William Burnham Woods lived an accomplished life in the service of the United States. He held the rank of brevetted major general in the Union army during the Civil War and pursued a distinguished career in law, eventually serving as a United States Supreme Court Justice.


Woods was born in Newark, Ohio on August 3, 1824. Woods' father moved from Kentucky to Newark in 1818 and his mother was a native of Zanesville. One of four children, including his brother Charles R. Woods who also became a general in the Civil War, William Woods began his education at Western Reserve University and then finished at Yale university in 1844. He joined the Ohio bar association in 1847 and practiced law in Newark at the firm of King and Woods. Woods entered politics in 1856 when he became mayor of Newark as a Democrat and joined the Ohio House of representatives in 1857. He would eventually become Speaker in 1858. He served in the Civil War from 1861 to 1866, attaining the rank of Major General. He fought in several major battles and marched with General Sherman. [1]


After the War, Woods would undergo two major changes in his life: moving to the South and becoming a Republican. In 1869, President Grant appointed him as a Federal Judge in Georgia. [2] President Hayes appointed him to the U.S. Supreme Court in 1880, and he took the oath of office on January 5, 1881. Woods served on the Supreme Court until his death on May 14, 1887. He lies buried at Cedar Hill Cemetery in Newark. [3]
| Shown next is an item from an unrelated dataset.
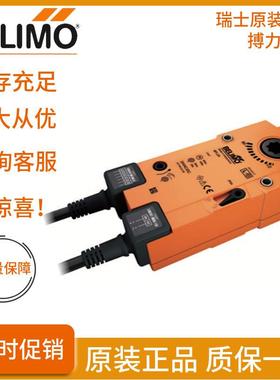 BELIMO防火排烟风门执行器BFL24BFN24BFG24BF24风阀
The most important court cases that Woods ruled on were the Slaughterhouse Cases and Presser Vs. State of Illinois. As a circuit court judge, Woods ruled with the majority opinion in support of Slaughterhouse to bolster federal authority from the 14th Amendment in regards to citizenship rights, but the case was later overturned by the Supreme Court. In Presser, Woods, now on the Supreme Court, rejected the premise that the 2nd Amendment guaranteed the right to bear arms in a militia not sanctioned by the state and in defiance of state law.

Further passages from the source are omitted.